§ TASK REQUIREMENTS:
Exactly as written, output each of the entries below.

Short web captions
^^^^
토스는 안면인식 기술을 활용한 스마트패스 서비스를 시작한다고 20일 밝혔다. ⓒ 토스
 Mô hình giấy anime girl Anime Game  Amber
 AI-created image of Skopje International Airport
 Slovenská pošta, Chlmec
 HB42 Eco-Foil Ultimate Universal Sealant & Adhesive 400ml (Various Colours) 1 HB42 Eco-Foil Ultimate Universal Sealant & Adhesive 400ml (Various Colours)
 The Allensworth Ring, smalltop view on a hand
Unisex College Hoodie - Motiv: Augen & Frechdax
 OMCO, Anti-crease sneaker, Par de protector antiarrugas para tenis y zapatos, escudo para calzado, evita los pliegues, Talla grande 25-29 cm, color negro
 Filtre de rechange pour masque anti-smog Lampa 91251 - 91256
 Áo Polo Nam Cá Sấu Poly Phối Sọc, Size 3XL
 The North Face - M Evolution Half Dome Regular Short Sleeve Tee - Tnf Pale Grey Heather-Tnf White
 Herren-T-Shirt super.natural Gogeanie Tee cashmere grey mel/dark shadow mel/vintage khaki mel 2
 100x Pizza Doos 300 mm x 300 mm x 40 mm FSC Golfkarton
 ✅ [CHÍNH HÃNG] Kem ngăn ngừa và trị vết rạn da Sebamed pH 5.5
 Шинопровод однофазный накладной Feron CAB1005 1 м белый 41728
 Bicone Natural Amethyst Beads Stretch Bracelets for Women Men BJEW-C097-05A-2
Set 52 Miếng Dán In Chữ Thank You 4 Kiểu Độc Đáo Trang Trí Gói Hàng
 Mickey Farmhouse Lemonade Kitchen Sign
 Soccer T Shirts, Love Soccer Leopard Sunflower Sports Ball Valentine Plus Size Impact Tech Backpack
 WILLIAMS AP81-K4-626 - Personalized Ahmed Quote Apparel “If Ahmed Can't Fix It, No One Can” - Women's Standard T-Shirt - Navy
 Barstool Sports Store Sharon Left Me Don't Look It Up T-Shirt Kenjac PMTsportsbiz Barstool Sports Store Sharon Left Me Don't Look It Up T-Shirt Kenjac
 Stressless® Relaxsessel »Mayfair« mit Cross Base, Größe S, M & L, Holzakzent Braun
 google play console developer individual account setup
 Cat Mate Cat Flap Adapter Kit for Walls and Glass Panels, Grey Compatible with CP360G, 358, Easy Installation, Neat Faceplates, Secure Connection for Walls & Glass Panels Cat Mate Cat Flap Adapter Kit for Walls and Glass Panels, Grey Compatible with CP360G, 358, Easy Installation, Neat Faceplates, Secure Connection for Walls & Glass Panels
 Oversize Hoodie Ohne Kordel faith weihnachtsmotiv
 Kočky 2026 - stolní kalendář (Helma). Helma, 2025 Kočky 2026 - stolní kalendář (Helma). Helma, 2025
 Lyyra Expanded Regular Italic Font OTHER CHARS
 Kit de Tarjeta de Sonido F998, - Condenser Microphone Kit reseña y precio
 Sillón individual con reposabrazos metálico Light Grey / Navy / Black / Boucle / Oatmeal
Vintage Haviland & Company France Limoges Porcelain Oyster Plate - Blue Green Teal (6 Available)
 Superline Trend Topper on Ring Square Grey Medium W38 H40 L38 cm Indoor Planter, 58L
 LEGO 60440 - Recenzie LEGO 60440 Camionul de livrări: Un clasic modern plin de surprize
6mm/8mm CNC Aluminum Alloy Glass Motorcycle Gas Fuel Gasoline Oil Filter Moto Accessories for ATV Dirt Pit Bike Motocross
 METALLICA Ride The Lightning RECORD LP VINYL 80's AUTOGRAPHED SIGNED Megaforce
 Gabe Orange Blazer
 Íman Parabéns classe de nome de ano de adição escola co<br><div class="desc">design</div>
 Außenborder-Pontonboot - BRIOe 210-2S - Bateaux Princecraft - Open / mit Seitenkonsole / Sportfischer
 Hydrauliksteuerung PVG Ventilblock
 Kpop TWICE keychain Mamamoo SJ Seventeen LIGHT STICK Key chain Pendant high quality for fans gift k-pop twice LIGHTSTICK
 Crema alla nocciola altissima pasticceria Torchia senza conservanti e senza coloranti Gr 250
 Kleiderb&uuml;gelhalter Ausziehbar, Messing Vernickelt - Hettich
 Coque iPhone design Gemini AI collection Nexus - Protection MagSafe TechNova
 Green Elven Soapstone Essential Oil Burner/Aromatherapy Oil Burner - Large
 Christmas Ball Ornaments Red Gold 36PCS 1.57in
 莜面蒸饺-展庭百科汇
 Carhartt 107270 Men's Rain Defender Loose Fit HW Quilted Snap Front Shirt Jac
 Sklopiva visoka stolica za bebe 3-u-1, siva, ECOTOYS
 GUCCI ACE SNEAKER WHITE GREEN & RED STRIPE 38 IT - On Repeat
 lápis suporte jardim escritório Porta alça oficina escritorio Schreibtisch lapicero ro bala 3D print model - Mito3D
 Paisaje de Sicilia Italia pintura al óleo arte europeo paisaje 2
^^^^
§ OUTPUT OF THE EXERCISE:
토스는 안면인식 기술을 활용한 스마트패스 서비스를 시작한다고 20일 밝혔다. ⓒ 토스
 Mô hình giấy anime girl Anime Game  Amber
 AI-created image of Skopje International Airport
 Slovenská pošta, Chlmec
 HB42 Eco-Foil Ultimate Universal Sealant & Adhesive 400ml (Various Colours) 1 HB42 Eco-Foil Ultimate Universal Sealant & Adhesive 400ml (Various Colours)
 The Allensworth Ring, smalltop view on a hand
Unisex College Hoodie - Motiv: Augen & Frechdax
 OMCO, Anti-crease sneaker, Par de protector antiarrugas para tenis y zapatos, escudo para calzado, evita los pliegues, Talla grande 25-29 cm, color negro
 Filtre de rechange pour masque anti-smog Lampa 91251 - 91256
 Áo Polo Nam Cá Sấu Poly Phối Sọc, Size 3XL
 The North Face - M Evolution Half Dome Regular Short Sleeve Tee - Tnf Pale Grey Heather-Tnf White
 Herren-T-Shirt super.natural Gogeanie Tee cashmere grey mel/dark shadow mel/vintage khaki mel 2
 100x Pizza Doos 300 mm x 300 mm x 40 mm FSC Golfkarton
 ✅ [CHÍNH HÃNG] Kem ngăn ngừa và trị vết rạn da Sebamed pH 5.5
 Шинопровод однофазный накладной Feron CAB1005 1 м белый 41728
 Bicone Natural Amethyst Beads Stretch Bracelets for Women Men BJEW-C097-05A-2
Set 52 Miếng Dán In Chữ Thank You 4 Kiểu Độc Đáo Trang Trí Gói Hàng
 Mickey Farmhouse Lemonade Kitchen Sign
 Soccer T Shirts, Love Soccer Leopard Sunflower Sports Ball Valentine Plus Size Impact Tech Backpack
 WILLIAMS AP81-K4-626 - Personalized Ahmed Quote Apparel “If Ahmed Can't Fix It, No One Can” - Women's Standard T-Shirt - Navy
 Barstool Sports Store Sharon Left Me Don't Look It Up T-Shirt Kenjac PMTsportsbiz Barstool Sports Store Sharon Left Me Don't Look It Up T-Shirt Kenjac
 Stressless® Relaxsessel »Mayfair« mit Cross Base, Größe S, M & L, Holzakzent Braun
 google play console developer individual account setup
 Cat Mate Cat Flap Adapter Kit for Walls and Glass Panels, Grey Compatible with CP360G, 358, Easy Installation, Neat Faceplates, Secure Connection for Walls & Glass Panels Cat Mate Cat Flap Adapter Kit for Walls and Glass Panels, Grey Compatible with CP360G, 358, Easy Installation, Neat Faceplates, Secure Connection for Walls & Glass Panels
 Oversize Hoodie Ohne Kordel faith weihnachtsmotiv
 Kočky 2026 - stolní kalendář (Helma). Helma, 2025 Kočky 2026 - stolní kalendář (Helma). Helma, 2025
 Lyyra Expanded Regular Italic Font OTHER CHARS
 Kit de Tarjeta de Sonido F998, - Condenser Microphone Kit reseña y precio
 Sillón individual con reposabrazos metálico Light Grey / Navy / Black / Boucle / Oatmeal
Vintage Haviland & Company France Limoges Porcelain Oyster Plate - Blue Green Teal (6 Available)
 Superline Trend Topper on Ring Square Grey Medium W38 H40 L38 cm Indoor Planter, 58L
 LEGO 60440 - Recenzie LEGO 60440 Camionul de livrări: Un clasic modern plin de surprize
6mm/8mm CNC Aluminum Alloy Glass Motorcycle Gas Fuel Gasoline Oil Filter Moto Accessories for ATV Dirt Pit Bike Motocross
 METALLICA Ride The Lightning RECORD LP VINYL 80's AUTOGRAPHED SIGNED Megaforce
 Gabe Orange Blazer
 Íman Parabéns classe de nome de ano de adição escola co<br><div class="desc">design</div>
 Außenborder-Pontonboot - BRIOe 210-2S - Bateaux Princecraft - Open / mit Seitenkonsole / Sportfischer
 Hydrauliksteuerung PVG Ventilblock
 Kpop TWICE keychain Mamamoo SJ Seventeen LIGHT STICK Key chain Pendant high quality for fans gift k-pop twice LIGHTSTICK
 Crema alla nocciola altissima pasticceria Torchia senza conservanti e senza coloranti Gr 250
 Kleiderb&uuml;gelhalter Ausziehbar, Messing Vernickelt - Hettich
 Coque iPhone design Gemini AI collection Nexus - Protection MagSafe TechNova
 Green Elven Soapstone Essential Oil Burner/Aromatherapy Oil Burner - Large
 Christmas Ball Ornaments Red Gold 36PCS 1.57in
 莜面蒸饺-展庭百科汇
 Carhartt 107270 Men's Rain Defender Loose Fit HW Quilted Snap Front Shirt Jac
 Sklopiva visoka stolica za bebe 3-u-1, siva, ECOTOYS
 GUCCI ACE SNEAKER WHITE GREEN & RED STRIPE 38 IT - On Repeat
 lápis suporte jardim escritório Porta alça oficina escritorio Schreibtisch lapicero ro bala 3D print model - Mito3D
 Paisaje de Sicilia Italia pintura al óleo arte europeo paisaje 2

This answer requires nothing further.